Die meisten Veranstalter sind sich darin einig, dass es in diesem Sommer ein Überangebot an Livemusik auf Mallorca gab. „Der Markt war überfordert", sagt Roland Michael. Er habe aus diesem Grund das für den 10.8. geplante Konzert der Les Humphries Singers in Port Adriano abgesagt.

Einig sind sich alle Veranstalter darin, dass die Konzertabsagen der gesamten Branche auf der Insel schaden. „Die Absagen führen zu einem erheblichen Vertrauensverlust", sagt Roland Michael. „Zum einen beim Publikum, weil eine Unsicherheit entsteht, ob ein Konzert überhaupt stattfindet." Zum anderen bei den Managern der Künstler. Mallorca erhalte als Veranstaltungsort international einen schlechten Ruf.

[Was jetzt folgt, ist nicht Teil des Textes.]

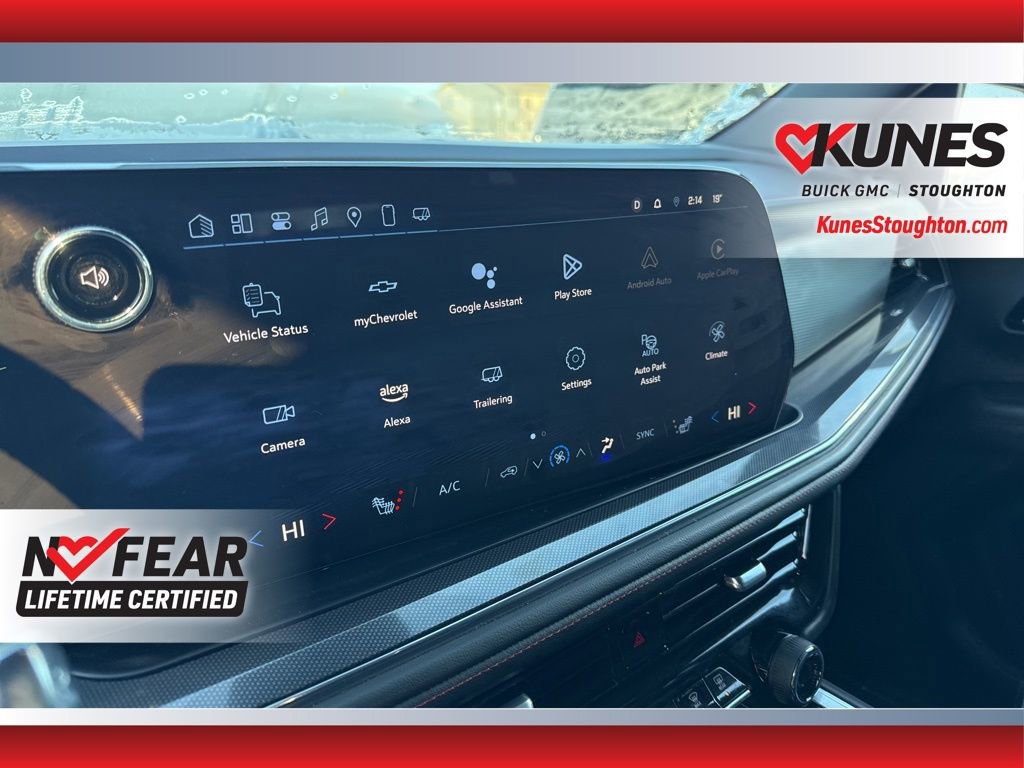 Used 2025 Chevrolet Suburban RST image 11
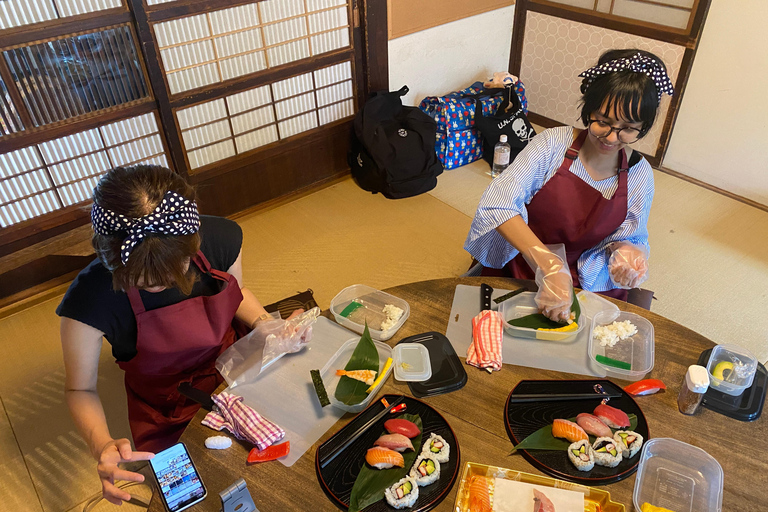 KAWAGOE: Aula prática de sushi a 5 minutos de Toki no Kane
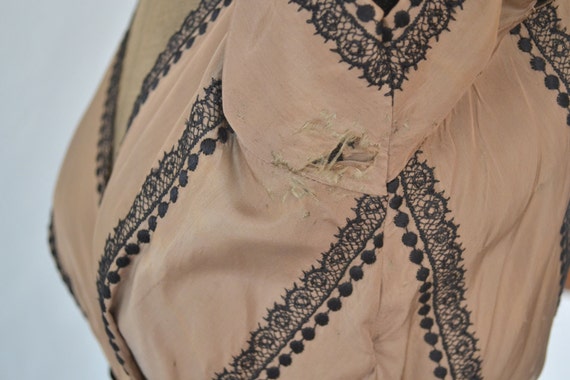 1950s Brown Satin and Embroidered Lace Dress size… - image 4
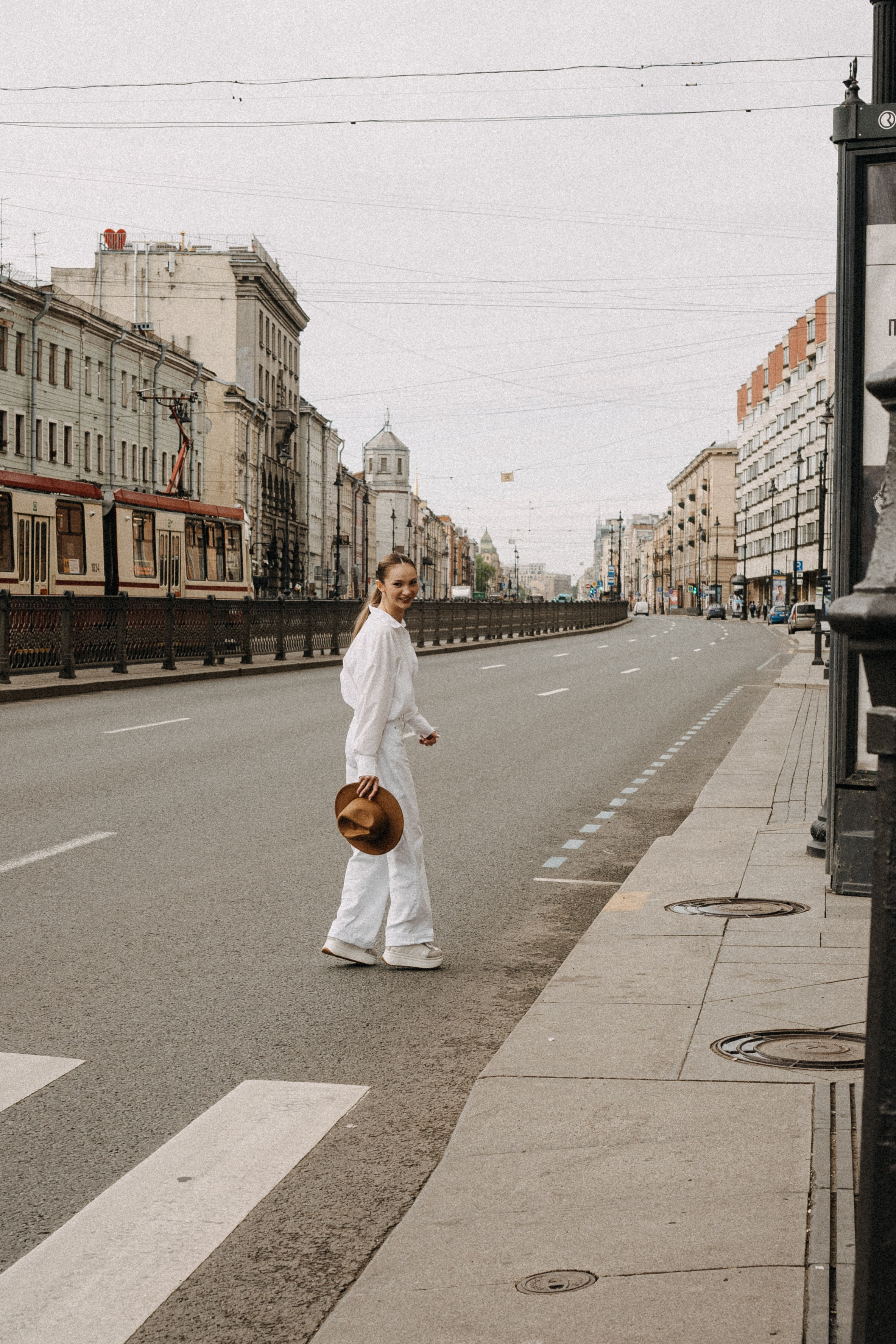 МЫ ГУЛЯЛИ ПРО КРЫШАМ ПИТЕРА. Профессиональный фотограф, Санкт-Петербург — Виктория Богомолова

Gerade wenn wie bei Zaz der Eindruck entsteht, dass da unprofessionell gearbeitet wird, weil man die Künstlerin nicht rechtzeitig auf die Insel bringt und Eventualitäten, wie einem stornierten Flug, einen ganzen Abend platzen lässt. Roland Michael fürchtet, dass dies in Zukunft dazu führen könne, dass es schwerer wird, namhafte Künstler auf die Insel zu holen.

Bei OK Events wollte sich trotz mehrfacher Anfrage der MZ niemand zu den abgesagten Konzerten in diesem Sommer äußern. Die Person, die etwas dazu sagen könne, sei im Urlaub. Na dann, schöne Ferien.